Will I Have to Pay an Initial or Ongoing Fee to Have an S or C Corporation?

Yes. Both types of corporations will require an initial fee to create them, and in most states you will also need to pay an annual fee when you file a yearly report. Fees and filing requirements vary from state to state.

Can S Corporations or C Corporations Limit My Personal Liability?

Yes. Because corporations are considered to be separate legal entities, your personal assets, like your bank account, home, or car, are not typically at risk if your business has problems like bankruptcy or legal troubles. 

C Corporations offer the strongest type of liability protection. S Corporations do as well, but they may not be as strong as for a C Corp.

S Corporation and C Corporation Ownership

What Are the Differences in How S Corporations and C Corporations are Owned?

Both types of business are owned by investors that have purchased stock in the business.

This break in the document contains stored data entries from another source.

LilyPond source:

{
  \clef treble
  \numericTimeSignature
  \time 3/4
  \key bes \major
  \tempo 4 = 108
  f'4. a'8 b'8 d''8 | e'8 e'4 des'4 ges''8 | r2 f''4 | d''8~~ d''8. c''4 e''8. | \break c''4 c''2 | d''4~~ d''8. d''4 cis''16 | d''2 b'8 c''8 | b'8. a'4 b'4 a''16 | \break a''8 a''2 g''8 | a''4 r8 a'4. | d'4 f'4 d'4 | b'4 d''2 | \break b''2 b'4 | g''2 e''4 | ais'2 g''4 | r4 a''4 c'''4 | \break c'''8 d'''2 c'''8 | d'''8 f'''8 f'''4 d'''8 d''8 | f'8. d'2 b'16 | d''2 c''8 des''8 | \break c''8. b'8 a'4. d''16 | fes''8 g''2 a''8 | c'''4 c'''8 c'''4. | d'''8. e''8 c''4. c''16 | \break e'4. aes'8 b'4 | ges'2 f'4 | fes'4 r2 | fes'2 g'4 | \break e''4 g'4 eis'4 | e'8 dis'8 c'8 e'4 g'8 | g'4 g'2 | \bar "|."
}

The difference is that S Corporation shares are owned by private investors—those invited to invest by the S Corporation founders. C Corporation shares can be publicly owned, so they can be bought, sold, and traded on open stock markets.

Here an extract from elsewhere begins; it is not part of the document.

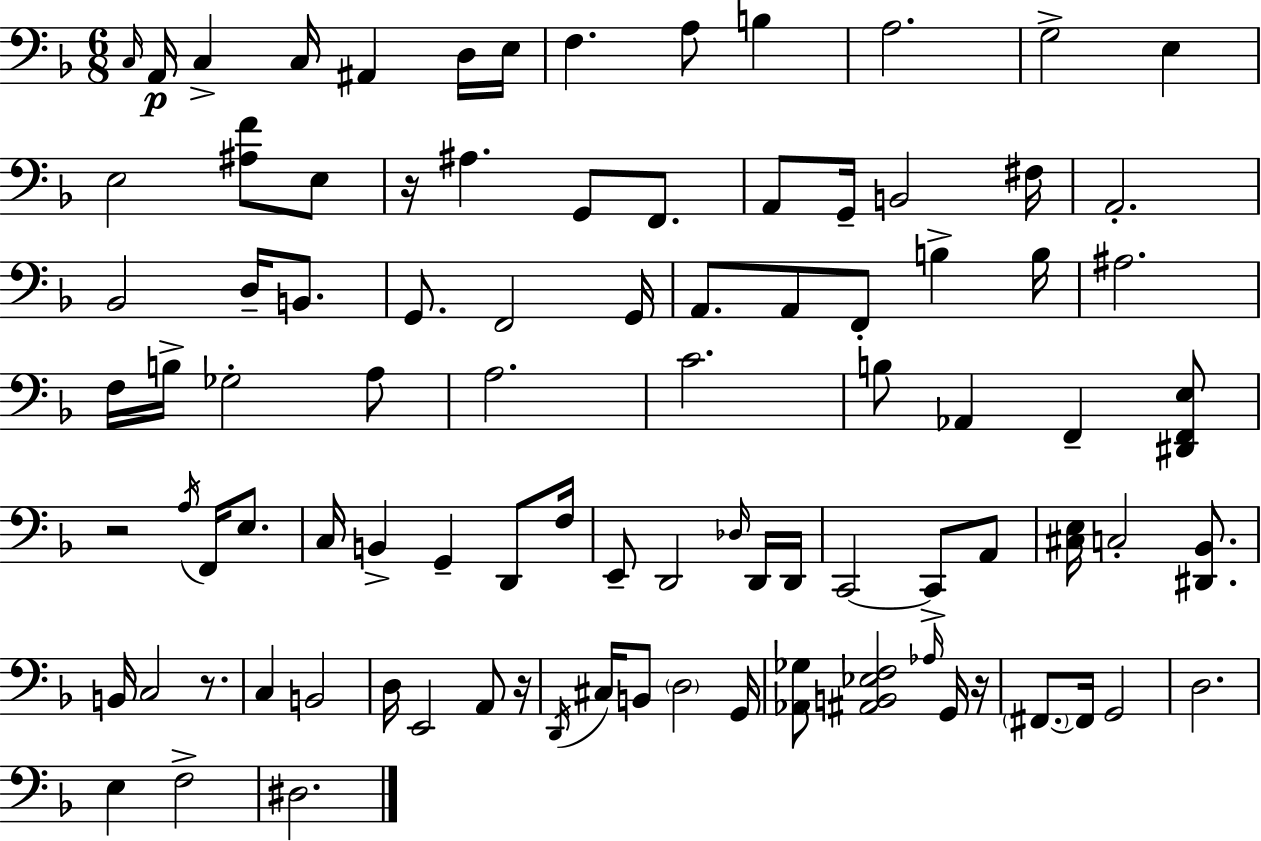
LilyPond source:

This means any business that is taken public on a stock market, usually through an Initial Public Offering (IPO) must be a C Corporation.

 

How is the Management Structure of an S Corporation or C Corporation Decided?

In both cases, the management structure and board are elected by the shareholders.

Are There Differences in How S Corporations and C Corporations Can Raise Capital?

Yes. Both types of corporations can raise money through loans and financing. They differ in how they raise money by selling stock. S Corporations raise money by selling private stock to investors, while C Corporations sell public stock.

Are There Differences in the Compliance, Regulations, and Overheads of Corporations?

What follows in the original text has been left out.